Here are the correct determinations for each example:

  • Government spending by the government sector: Injector
  • Investments made by the financial sector: Injector
  • Taxes collected by the government sector: Leakage
  • Savings by individuals outside a bank: Leakage
  • Exports purchased by the foreign sector: Injector

Explanation

In macroeconomics, the concepts of injectors and leakages describe the movement of money into or out of the circular flow of income. The circular flow model illustrates how money circulates between households and firms in an economy. Leakages are withdrawals from this flow, while injectors are additions to it.

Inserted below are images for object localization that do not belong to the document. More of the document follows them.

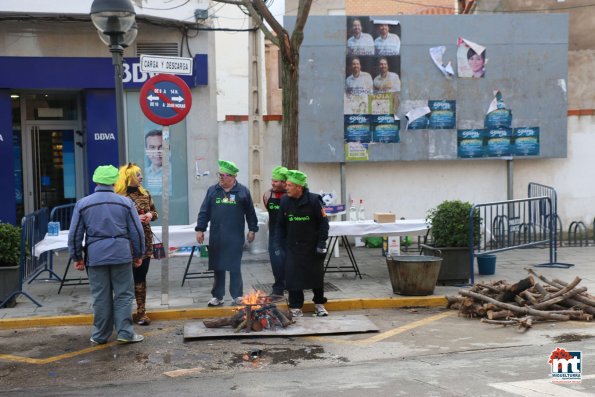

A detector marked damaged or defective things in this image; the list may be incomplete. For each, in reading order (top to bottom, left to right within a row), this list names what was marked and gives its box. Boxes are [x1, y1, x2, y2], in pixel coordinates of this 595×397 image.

torn poster [430, 46, 454, 79]
torn poster [458, 37, 486, 78] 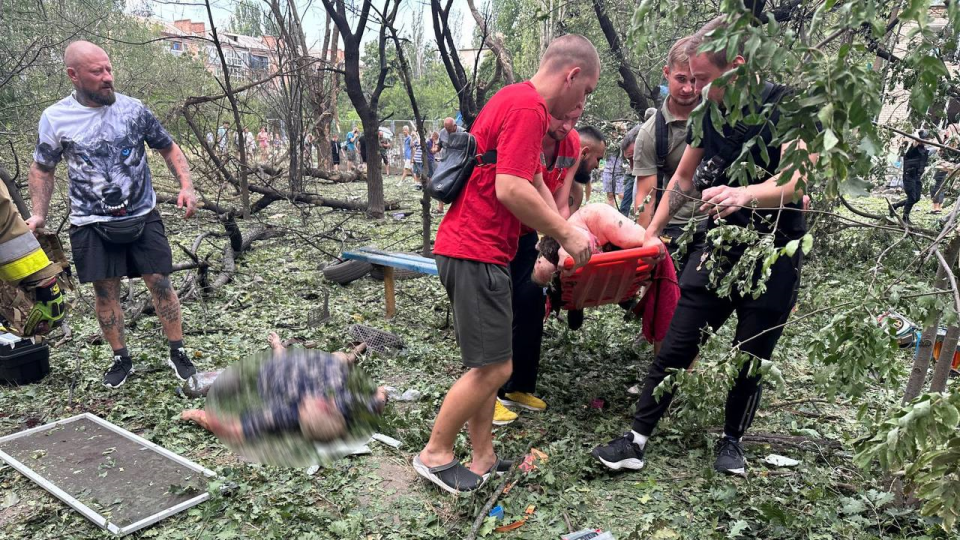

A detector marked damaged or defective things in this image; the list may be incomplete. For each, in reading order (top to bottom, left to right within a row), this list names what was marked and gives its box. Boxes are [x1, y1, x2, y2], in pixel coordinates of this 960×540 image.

damaged ground [0, 178, 952, 540] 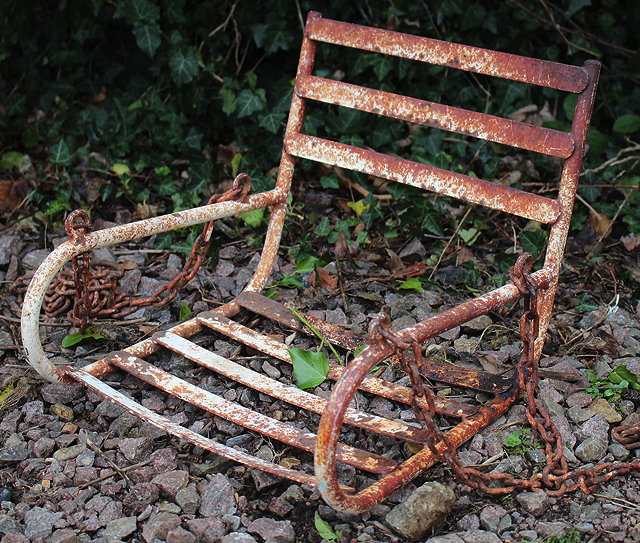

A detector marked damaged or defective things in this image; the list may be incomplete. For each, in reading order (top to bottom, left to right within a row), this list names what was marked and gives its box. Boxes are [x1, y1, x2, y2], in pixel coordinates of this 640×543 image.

rusty chain [15, 176, 250, 332]
rusty chain [370, 253, 640, 496] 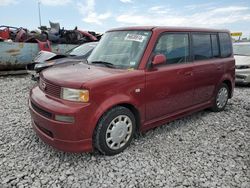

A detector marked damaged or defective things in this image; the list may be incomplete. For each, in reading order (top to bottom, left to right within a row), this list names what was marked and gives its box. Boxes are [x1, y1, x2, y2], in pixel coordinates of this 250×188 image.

An injector, or injection, is any form of spending that adds money to the economy’s circular flow. This spending does not originate from household consumption. Government spending (G) is a primary example of an injector because the government uses tax revenue and borrowing to purchase goods and services, paying firms and workers and thus adding to the national income. Similarly, investments (I) by firms in new capital, like machinery or buildings, inject money into the flow by creating income for the producers of those capital goods. Lastly, exports (X) are a crucial injector. When a foreign entity buys domestically produced goods, money from abroad flows into the country, increasing the income of domestic producers.

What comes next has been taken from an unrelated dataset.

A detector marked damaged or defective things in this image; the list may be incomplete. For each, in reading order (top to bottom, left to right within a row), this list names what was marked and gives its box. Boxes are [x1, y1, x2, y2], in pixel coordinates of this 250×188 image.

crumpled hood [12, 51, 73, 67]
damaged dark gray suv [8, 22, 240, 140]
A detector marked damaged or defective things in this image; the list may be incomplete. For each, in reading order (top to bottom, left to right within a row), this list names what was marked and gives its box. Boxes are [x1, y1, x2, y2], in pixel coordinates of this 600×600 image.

Conversely, a leakage, or withdrawal, is money that is diverted out of the circular flow, reducing the amount available for immediate spending on domestic goods and services. Taxes (T) are a leakage because they represent money taken from households and firms by the government, which reduces their disposable income and ability to spend. Savings (S) are another major leakage. When individuals save a portion of their income rather than spending it, that money is removed from the active spending stream. This is true whether the savings are in a bank or held as cash. While savings in a bank can be loaned out to become investment (an injection), the initial act of saving is itself a leakage from consumption.